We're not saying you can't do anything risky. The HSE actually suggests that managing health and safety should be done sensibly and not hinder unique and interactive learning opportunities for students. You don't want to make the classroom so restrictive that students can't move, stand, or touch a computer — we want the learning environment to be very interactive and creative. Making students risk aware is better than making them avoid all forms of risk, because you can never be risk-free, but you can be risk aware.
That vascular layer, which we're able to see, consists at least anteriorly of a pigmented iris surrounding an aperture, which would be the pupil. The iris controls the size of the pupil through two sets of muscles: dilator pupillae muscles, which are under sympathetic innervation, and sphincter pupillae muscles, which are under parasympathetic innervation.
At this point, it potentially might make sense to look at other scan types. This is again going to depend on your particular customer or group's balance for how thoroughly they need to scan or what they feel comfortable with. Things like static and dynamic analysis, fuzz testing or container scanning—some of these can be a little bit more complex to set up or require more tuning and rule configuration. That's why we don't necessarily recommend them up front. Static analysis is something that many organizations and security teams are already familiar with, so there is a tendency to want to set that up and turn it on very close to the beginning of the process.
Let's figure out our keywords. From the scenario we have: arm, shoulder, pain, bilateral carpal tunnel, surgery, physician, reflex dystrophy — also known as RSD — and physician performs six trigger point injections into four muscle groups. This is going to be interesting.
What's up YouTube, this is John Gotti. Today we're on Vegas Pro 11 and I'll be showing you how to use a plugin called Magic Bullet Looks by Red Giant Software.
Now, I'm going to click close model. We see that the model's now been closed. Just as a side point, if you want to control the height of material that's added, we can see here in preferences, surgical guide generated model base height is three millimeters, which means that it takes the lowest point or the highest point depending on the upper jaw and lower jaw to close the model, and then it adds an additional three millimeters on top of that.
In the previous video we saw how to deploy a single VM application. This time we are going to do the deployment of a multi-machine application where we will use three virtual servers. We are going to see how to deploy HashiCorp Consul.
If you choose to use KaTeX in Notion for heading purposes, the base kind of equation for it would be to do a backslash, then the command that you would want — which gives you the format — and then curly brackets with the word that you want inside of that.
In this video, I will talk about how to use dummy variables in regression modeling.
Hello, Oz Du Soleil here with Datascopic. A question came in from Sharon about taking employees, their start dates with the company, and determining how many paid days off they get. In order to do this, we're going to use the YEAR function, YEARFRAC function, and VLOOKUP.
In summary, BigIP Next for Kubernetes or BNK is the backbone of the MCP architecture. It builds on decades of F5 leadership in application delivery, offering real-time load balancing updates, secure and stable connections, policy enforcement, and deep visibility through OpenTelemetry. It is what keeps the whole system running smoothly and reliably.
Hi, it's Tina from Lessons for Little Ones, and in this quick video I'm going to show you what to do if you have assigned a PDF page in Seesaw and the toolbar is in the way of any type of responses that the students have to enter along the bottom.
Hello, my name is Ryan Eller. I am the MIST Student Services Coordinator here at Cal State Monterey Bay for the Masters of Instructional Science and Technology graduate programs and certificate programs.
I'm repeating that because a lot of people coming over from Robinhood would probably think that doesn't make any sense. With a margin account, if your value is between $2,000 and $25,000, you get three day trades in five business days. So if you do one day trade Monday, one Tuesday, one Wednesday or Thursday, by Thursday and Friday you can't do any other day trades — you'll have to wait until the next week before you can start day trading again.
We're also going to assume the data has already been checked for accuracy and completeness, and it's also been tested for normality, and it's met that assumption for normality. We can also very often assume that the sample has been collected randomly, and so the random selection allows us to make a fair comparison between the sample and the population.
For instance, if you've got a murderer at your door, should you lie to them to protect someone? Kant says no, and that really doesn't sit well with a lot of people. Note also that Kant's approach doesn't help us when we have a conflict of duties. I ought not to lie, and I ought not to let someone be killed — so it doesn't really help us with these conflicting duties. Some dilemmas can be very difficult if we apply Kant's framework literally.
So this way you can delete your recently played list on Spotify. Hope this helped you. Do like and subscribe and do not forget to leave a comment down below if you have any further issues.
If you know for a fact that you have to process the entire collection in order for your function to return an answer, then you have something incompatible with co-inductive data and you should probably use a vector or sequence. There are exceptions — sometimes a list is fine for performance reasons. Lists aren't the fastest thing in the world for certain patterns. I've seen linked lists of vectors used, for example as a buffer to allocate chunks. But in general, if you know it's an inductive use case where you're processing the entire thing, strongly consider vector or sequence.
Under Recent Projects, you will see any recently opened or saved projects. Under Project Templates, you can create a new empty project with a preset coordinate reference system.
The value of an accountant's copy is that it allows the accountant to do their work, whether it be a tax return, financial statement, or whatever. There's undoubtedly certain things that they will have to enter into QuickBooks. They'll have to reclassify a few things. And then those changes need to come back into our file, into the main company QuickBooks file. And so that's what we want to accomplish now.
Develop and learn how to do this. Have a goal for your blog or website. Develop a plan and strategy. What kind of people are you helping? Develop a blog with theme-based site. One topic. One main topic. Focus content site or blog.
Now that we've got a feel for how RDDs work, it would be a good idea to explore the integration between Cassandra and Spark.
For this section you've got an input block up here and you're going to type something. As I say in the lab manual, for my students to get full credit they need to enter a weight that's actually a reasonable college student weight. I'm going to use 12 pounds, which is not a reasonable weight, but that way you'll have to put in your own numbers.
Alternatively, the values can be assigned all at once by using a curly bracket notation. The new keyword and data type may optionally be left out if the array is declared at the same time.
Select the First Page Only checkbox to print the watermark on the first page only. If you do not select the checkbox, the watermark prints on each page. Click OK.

::::::::

**AIM OF THE EXERCISE**
Your task is to set down again, exactly, every line from the beginning of the listing through the line with "That vascular layer, which".

**TASK RESPONSE**
We're not saying you can't do anything risky. The HSE actually suggests that managing health and safety should be done sensibly and not hinder unique and interactive learning opportunities for students. You don't want to make the classroom so restrictive that students can't move, stand, or touch a computer — we want the learning environment to be very interactive and creative. Making students risk aware is better than making them avoid all forms of risk, because you can never be risk-free, but you can be risk aware.
That vascular layer, which we're able to see, consists at least anteriorly of a pigmented iris surrounding an aperture, which would be the pupil. The iris controls the size of the pupil through two sets of muscles: dilator pupillae muscles, which are under sympathetic innervation, and sphincter pupillae muscles, which are under parasympathetic innervation.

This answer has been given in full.